REPUBLIKA.CO.ID, JAKARTA -- Wakil Ketua Komisi II DPR RI, Yanuar Prihatin mengkritik keras mitra kerjanya, Ketua Badan Pengawas Pemilu (Bawaslu) RI Rahmat Bagja karena mengusulkan Pilkada Serentak 2024 ditunda. Apalagi, salah satu alasannya adalah tingginya potensi gangguan keamanan.
Yanuar mengatakan, persoalan keamanan dan mobilisasi pasukan saat pilkada merupakan otoritas TNI-Polri. Bagja jelas tak kredibel untuk memberikan penilaian ihwal potensi gangguan keamanan pilkada.
Bahkan, DPR sebagai lembaga yang kuat setara presiden pun kurang kredibel menyampaikan prediksi gangguan keamanan pilkada. "Apalagi Bawaslu. Kan ini seakan-akan Bawaslu tidak percaya kepada TNI-Polri. Kan repot," ujar Yanuar kepada wartawan, Selasa (18/7/2023).
Yanuar menambahkan, institusi TNI maupun Polri sejauh ini tidak pernah menyampaikan tingginya potensi gangguan keamanan saat pilkada. Karena itu, dia menilai Bagja mengadu domba TNI-Polri dengan DPR dan Pemerintah mengingat perubahan jadwal pilkada harus didahului dengan revisi UU Pilkada.
"Menurut saya, ucapan (Bagja) ini kayak mengadu domba antara aparat keamanan dengan pembuat undang-undang. Dan itu agak riskan. Kalau saya aparat TNI-Polri, saya akan tersinggung karena institusi TNI-Polri tidak pernah mengatakan pilkada rawan," kata Ketua DPP Partai Kebangkitan Nusantara (PKB) itu.

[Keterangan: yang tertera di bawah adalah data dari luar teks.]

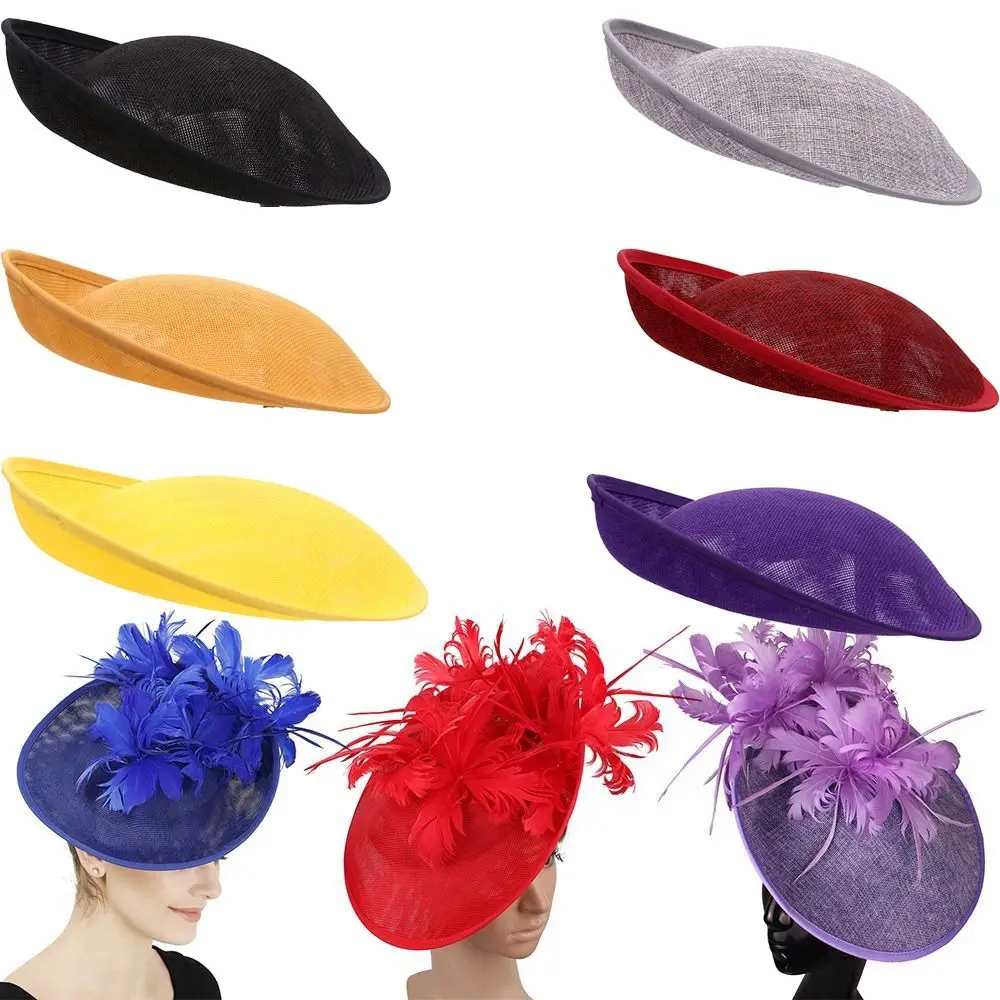 Wedding Party Show Hats Bride Headdress DIY French hat Hair Accessories Formal Dress Millinery Cocktail Headwear Women Ladies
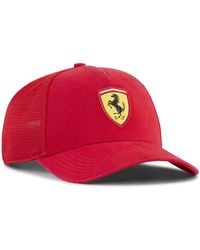 PUMA - Scuderia Ferrari Race Trucker Cap - Lyst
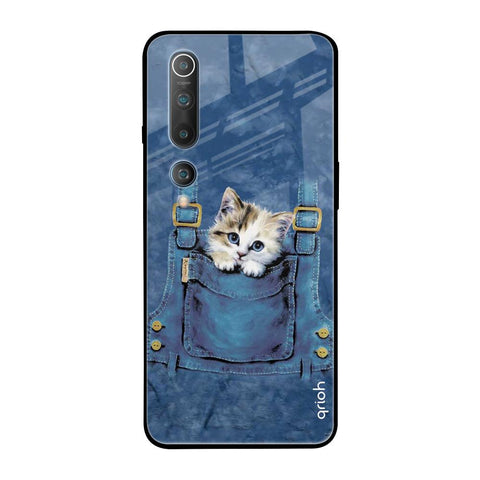 Kitty In Pocket Glossy Case For Xiaomi Mi 10 Pro
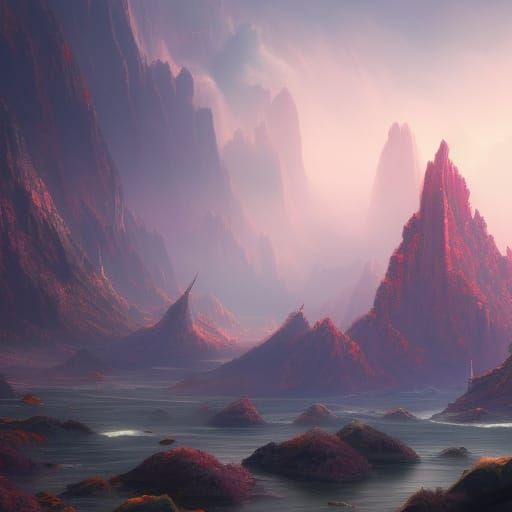 Fantastical Matte Painting with Deep Color and Detail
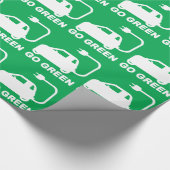 Kies voor groene ~ Drive Electric Cars Cadeaupapier (Hoek)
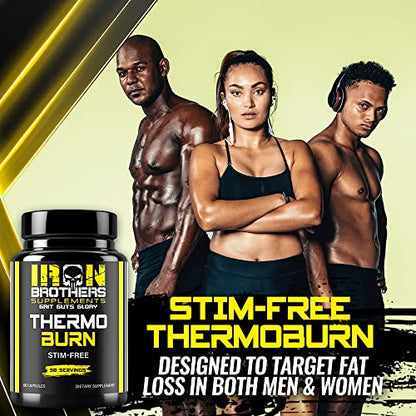 Stimulant Free Fat Burners for Women and Men – Weight Loss - Non Stim Thermogenic Fat Iron Brothers SupplementsUS supplements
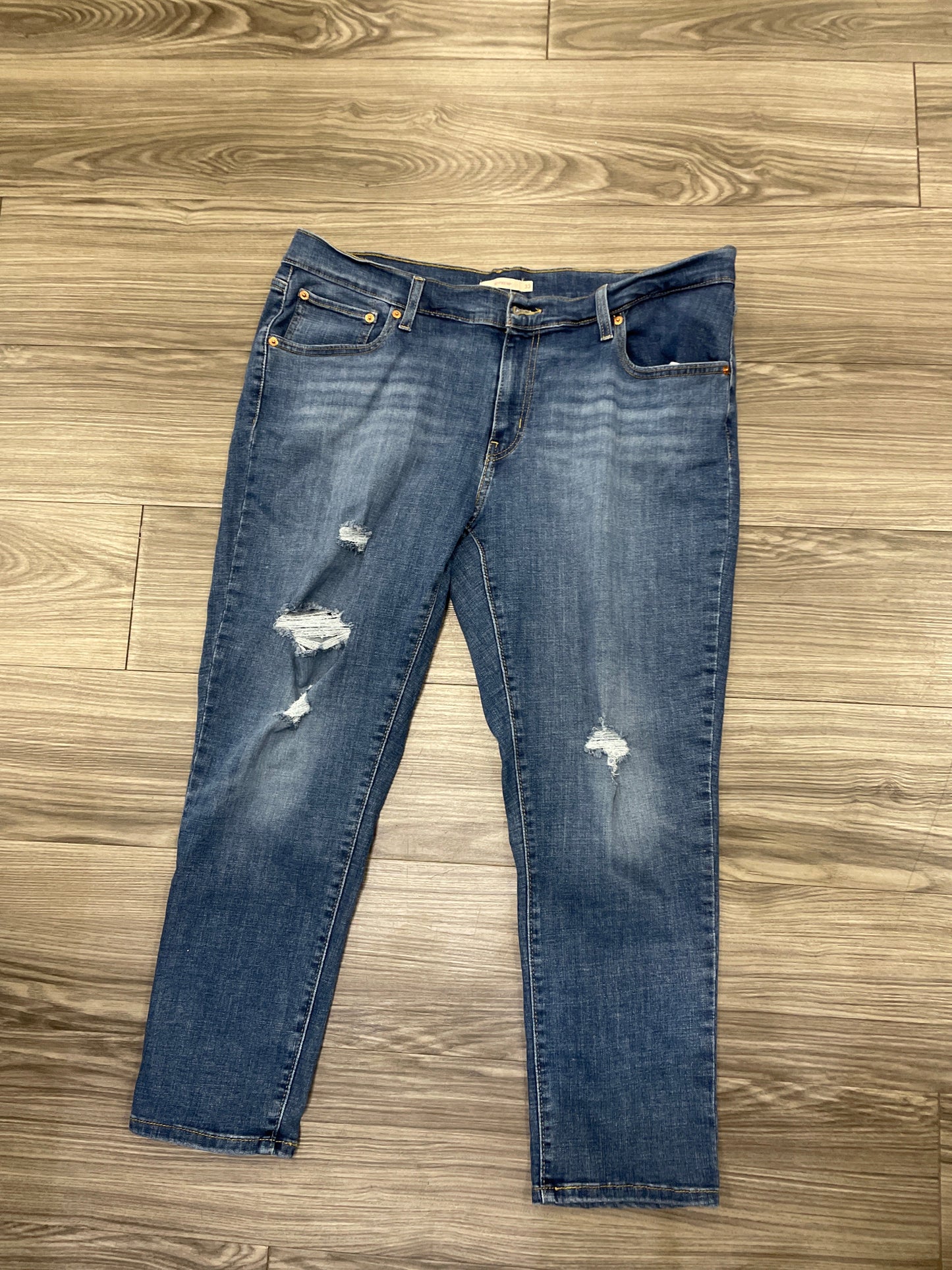 Jeans Boyfriend By Levis, Size: 14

Pada Jumat (14/7/2023), Mabes Polri mengklaim siap mengamankan gelaran Pilkada Serentak 2024 maupun Pemilu 2024. Bahkan, Mabes Polri telah menyiapkan rencana untuk melaksanakan Operasi Mantap Brata, yakni operasi pengamanan pilkada dengan melibatkan TNI dan pemerintah daerah. Kini, Mabes Polri sedang menyusun pola pengamanan, kebutuhan personil, dan anggaran.
Sebelumnya, Ketua Bawaslu RI Bagja mengusulkan agar semua pihak terkait mulai membahas opsi menunda gelaran Pilkada Serentak 2024. Hal itu disampaikan dalam rapat koordinasi kementerian dan lembaga negara yang diselenggarakan Kantor Staf Presiden (KSP) bertemakan Potensi dan Situasi Mutakhir Kerawanan Pemilu Serta Strategi Nasional Penanggulangannya di Jakarta, Rabu (12/7/2023).
Bagja mengusulkan penundaan karena ada sejumlah masalah besar yang berpotensi terjadi apabila Pilkada Serentak dilaksanakan sesuai jadwal pada 27 November 2024. Salah satunya adalah potensi gangguan keamanan yang tinggi karena pilkada digelar di semua provinsi dan kabupaten/kota. Sedangkan aparat tidak bisa diperbantukan ke daerah yang sedang mengalami gangguan keamanan, karena aparat fokus menjaga daerah masing-masing yang juga sedang menggelar pilkada.
"Kalau sebelumnya, misalnya pilkada di Makassar ada gangguan keamanan, maka bisa ada pengerahan dari polres di sekitarnya atau polisi dari provinsi lain. Kalau Pilkada 2024 tentu sulit karena setiap daerah siaga yang menggelar pemilihan serupa," ujar Bagja, dikutip dari lama resmi Bawaslu RI.
Usul Bagja itu dikritik banyak kalangan, mulai dari organisasi pemerhati pemilu, partai politik, hingga anggota DPR RI. Setelah ramai, Bagja enggan memberikan penjelasan lebih lanjut terkait usulan tersebut. Dia menyebut, usulan itu hanya sebatas bahasan dalam diskusi bersama KSP, bukan usulan resmi Bawaslu RI.